Beyond is a word we don’t use much anymore, but it can be used in a variety of ways. I once spent a summer in a Mexican town called San Miguel de Allende. It was named after a man, but Allende could also mean on the other side or beyond. Another common usage is, surpassing or superior. Sometimes it will be used to mean outside the limits or reach of. We are familiar with the idioms the Great Beyond and beyond all hope.
Most of the Old Testament verses which use beyond are referring to a place which is on the farther side of (De 3:25). In one verse Jonathan told David to escape the danger of King Saul if the arrows he was shooting went beyond him (1 Sam 20:22). In another verse Balaam declared to Balak, King of Moab “…I could not do anything, good or bad to go beyond the command of the Lord….” (Nu 24:13) That was a wise promise and one echoed by other prophets but ignored by many other Bible personalities (Gen 3:2-7) (Gen 4:6-8).
Some verses in the New Testament talk about being amazed and astonished beyond measure (Mk 6: 51 KJV) (Mk 7:37 KJV).

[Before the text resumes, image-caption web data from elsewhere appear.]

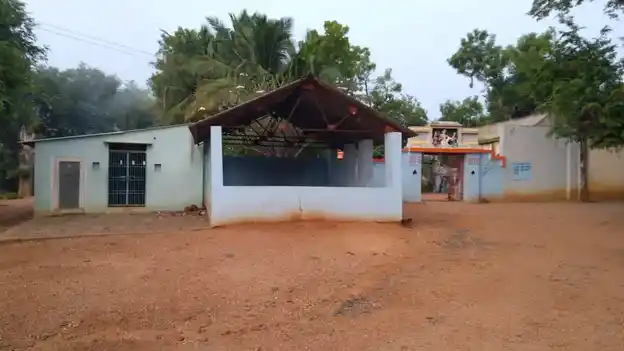 Arulmigu Varadharajaperumal Temple, Ponparapi - 621710 Arulmigu Varadharajaperumal Temple, Ponparapi - 621710, Ariyalur - Ancient Temple Architecture and History Image 4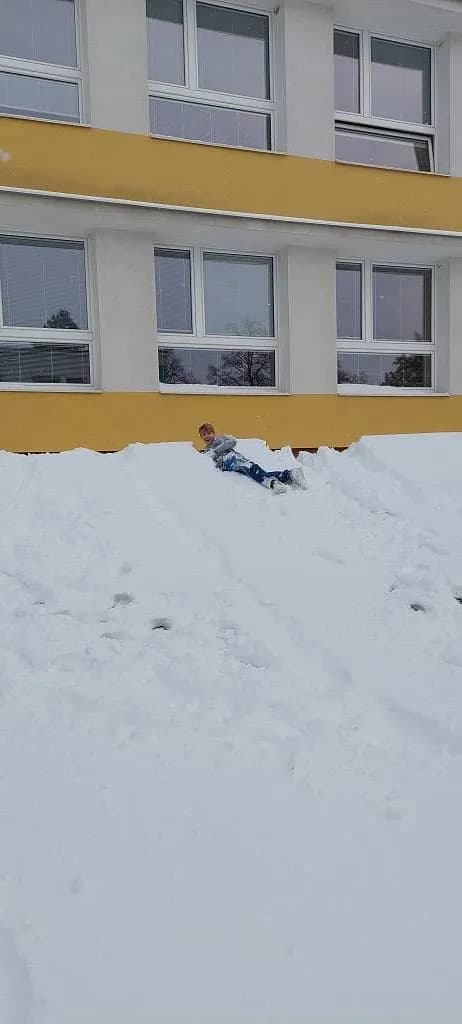 Fotografie z článku: Netradiční posilovačka aneb přece to nenecháme všechno na panu školníkovi
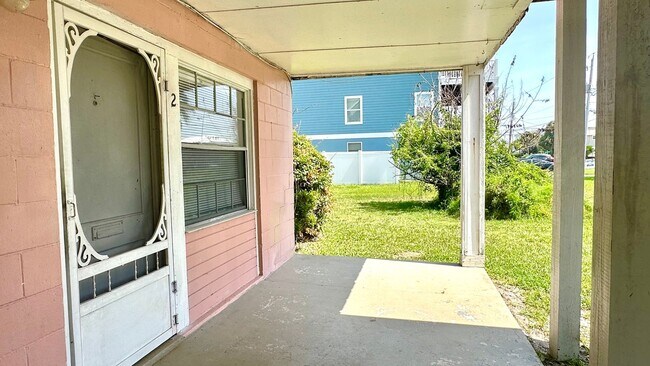 Building Photo - 1/2 Block  to the Beach & Main Beach Park!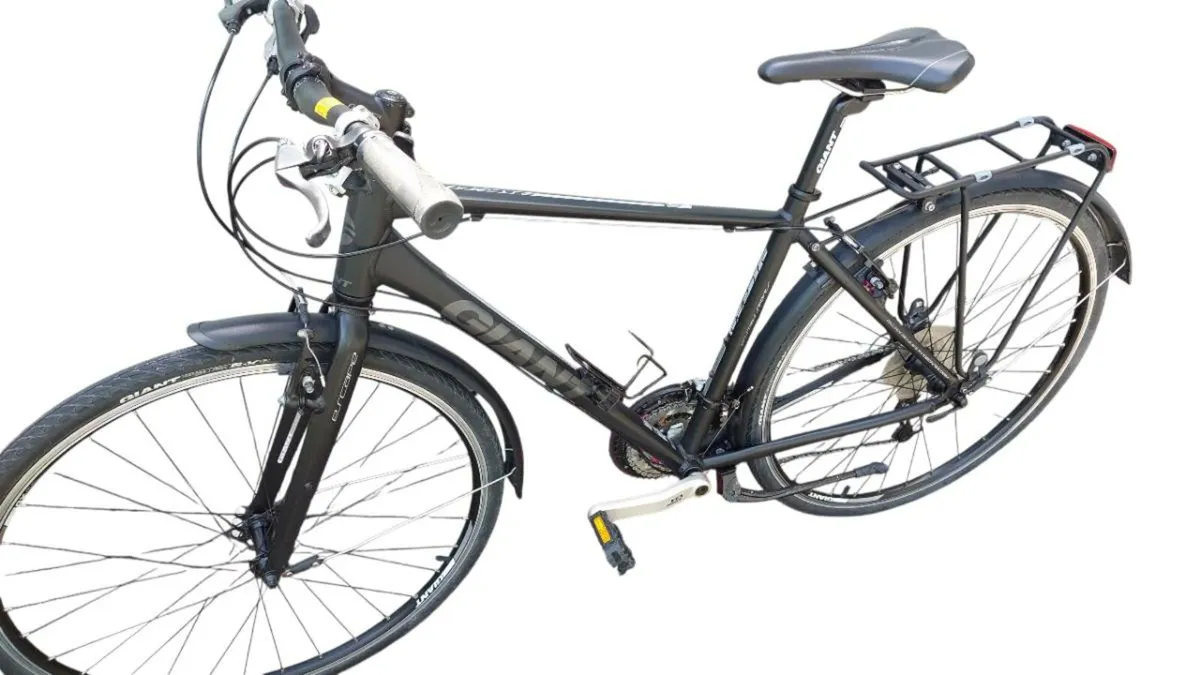 Giant Escape On Road Sport - Image 2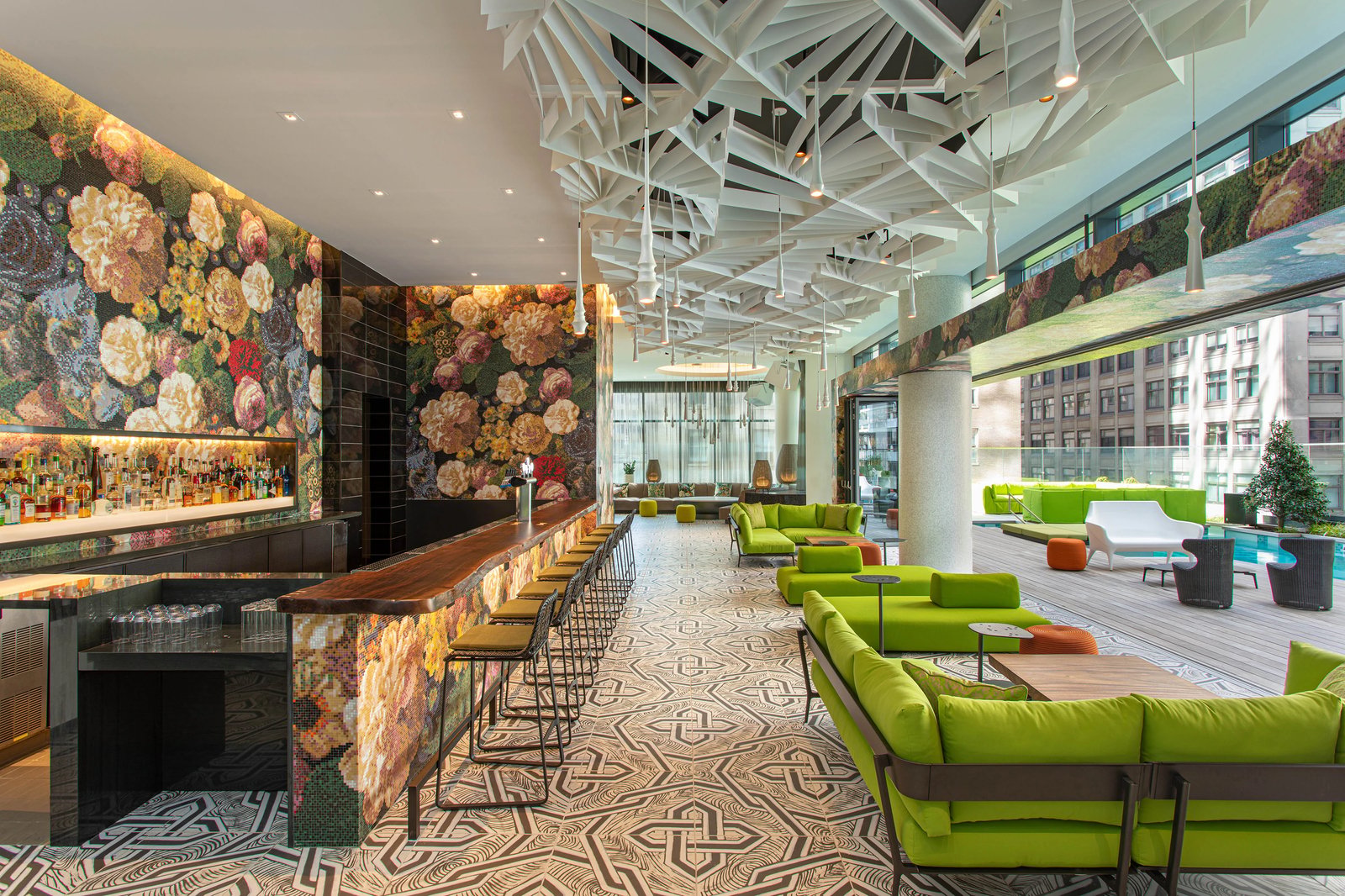W Philadelphia, wet bar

The Apostle Paul confesses that he persecuted the church of God beyond measure. He also said that he was not stretching himself beyond his measure, which some versions translate, overstepping the ability to reach (2 Cor 10:14 KJV).

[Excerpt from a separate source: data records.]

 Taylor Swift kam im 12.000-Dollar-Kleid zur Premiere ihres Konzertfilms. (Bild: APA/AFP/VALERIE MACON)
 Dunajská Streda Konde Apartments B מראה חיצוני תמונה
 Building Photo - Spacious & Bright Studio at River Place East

Perhaps the most well-known and relevant scripture for us today is 2 Corinthians 8:3 KJV. Paul uses the Macedonians as an example of going beyond their power in their giving a gift of love, even out of their own deep poverty. This certainly fulfilled the commandment of Christ to “…love your neighbor as yourself (Lk 10:27). He set the bar very high for all Christians today. Most of us have a sliding scale of agape love—My blood relatives first, My brethren in the local congregation next, followed by my brethren in the rest of the world, then my friends and neighbors, and possibly my enemies (Lk 6:27). This involves going beyond in amount, extent, and degree. To surpass, and transcend the normal expectations, as did the Macedonians. This will be the norm in the Great Beyond, but is a goal of all committed Christians in this age.